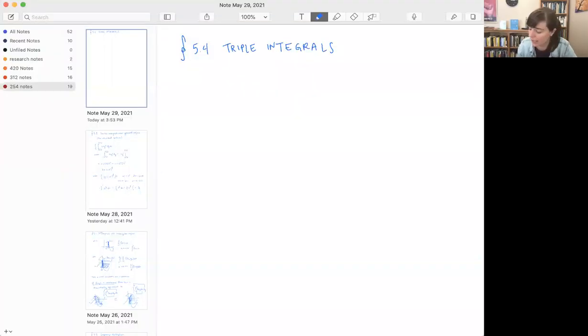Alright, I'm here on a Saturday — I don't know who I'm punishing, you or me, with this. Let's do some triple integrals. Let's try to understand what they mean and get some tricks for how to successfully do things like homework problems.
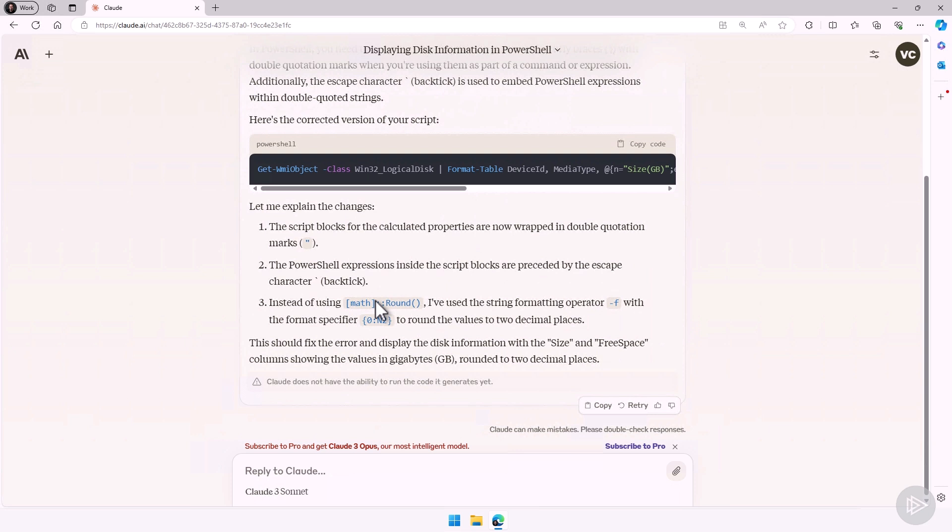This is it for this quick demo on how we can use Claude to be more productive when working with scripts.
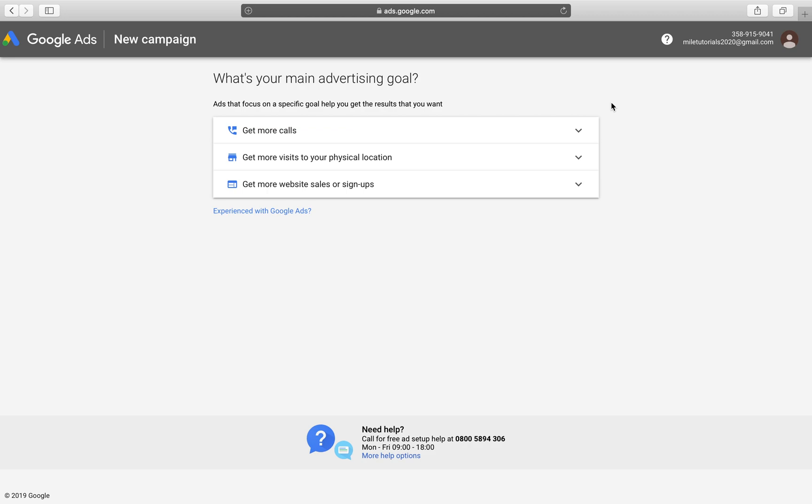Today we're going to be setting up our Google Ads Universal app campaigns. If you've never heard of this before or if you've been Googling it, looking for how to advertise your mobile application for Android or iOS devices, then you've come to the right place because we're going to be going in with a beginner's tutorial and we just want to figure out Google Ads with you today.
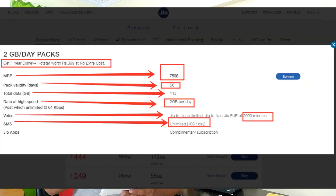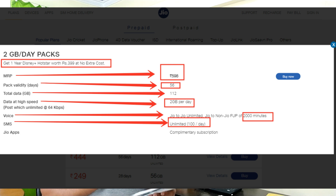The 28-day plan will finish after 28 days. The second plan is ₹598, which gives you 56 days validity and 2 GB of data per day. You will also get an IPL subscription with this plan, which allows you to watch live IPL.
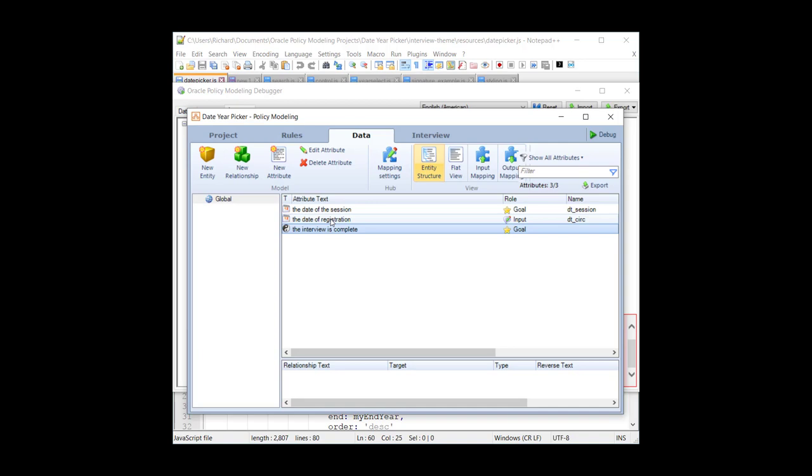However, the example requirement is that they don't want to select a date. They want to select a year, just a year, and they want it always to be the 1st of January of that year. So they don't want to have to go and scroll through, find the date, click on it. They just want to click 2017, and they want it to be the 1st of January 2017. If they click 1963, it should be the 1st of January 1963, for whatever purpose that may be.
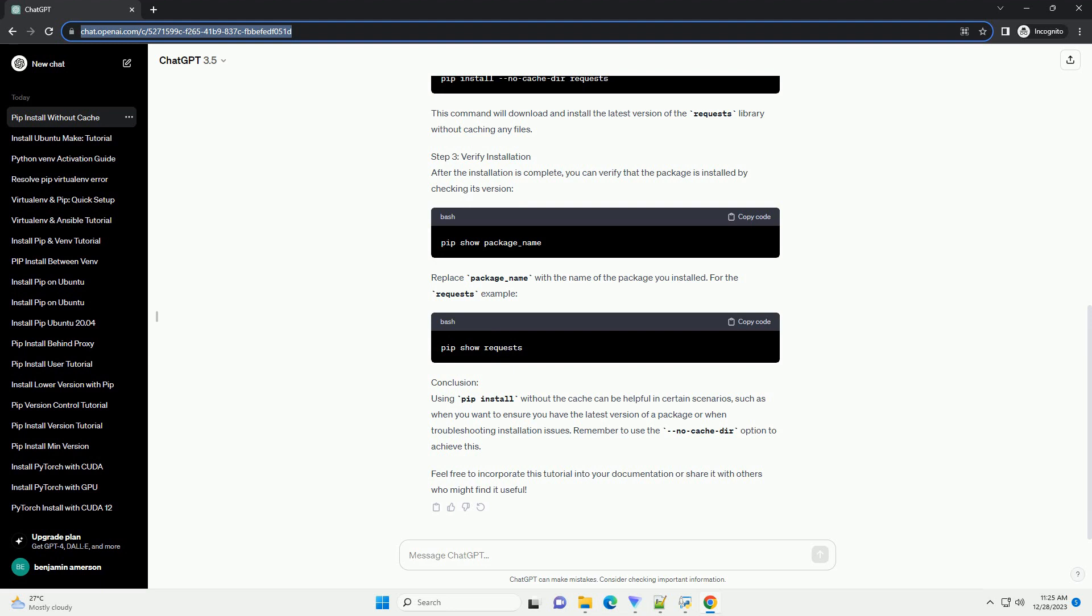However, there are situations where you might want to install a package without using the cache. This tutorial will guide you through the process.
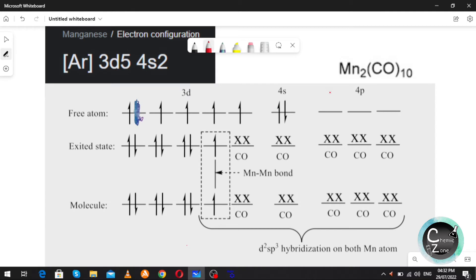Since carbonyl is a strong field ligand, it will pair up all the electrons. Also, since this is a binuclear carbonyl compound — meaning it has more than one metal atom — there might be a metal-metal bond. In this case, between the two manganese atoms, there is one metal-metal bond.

**Problem to work on**
Leave the images aside and retype each line of the listing above exactly.

**Exercise response**
Alright, I'm here on a Saturday — I don't know who I'm punishing, you or me, with this. Let's do some triple integrals. Let's try to understand what they mean and get some tricks for how to successfully do things like homework problems.
This is it for this quick demo on how we can use Claude to be more productive when working with scripts.
Today we're going to be setting up our Google Ads Universal app campaigns. If you've never heard of this before or if you've been Googling it, looking for how to advertise your mobile application for Android or iOS devices, then you've come to the right place because we're going to be going in with a beginner's tutorial and we just want to figure out Google Ads with you today.
The 28-day plan will finish after 28 days. The second plan is ₹598, which gives you 56 days validity and 2 GB of data per day. You will also get an IPL subscription with this plan, which allows you to watch live IPL.
However, the example requirement is that they don't want to select a date. They want to select a year, just a year, and they want it always to be the 1st of January of that year. So they don't want to have to go and scroll through, find the date, click on it. They just want to click 2017, and they want it to be the 1st of January 2017. If they click 1963, it should be the 1st of January 1963, for whatever purpose that may be.
However, there are situations where you might want to install a package without using the cache. This tutorial will guide you through the process.
Since carbonyl is a strong field ligand, it will pair up all the electrons. Also, since this is a binuclear carbonyl compound — meaning it has more than one metal atom — there might be a metal-metal bond. In this case, between the two manganese atoms, there is one metal-metal bond.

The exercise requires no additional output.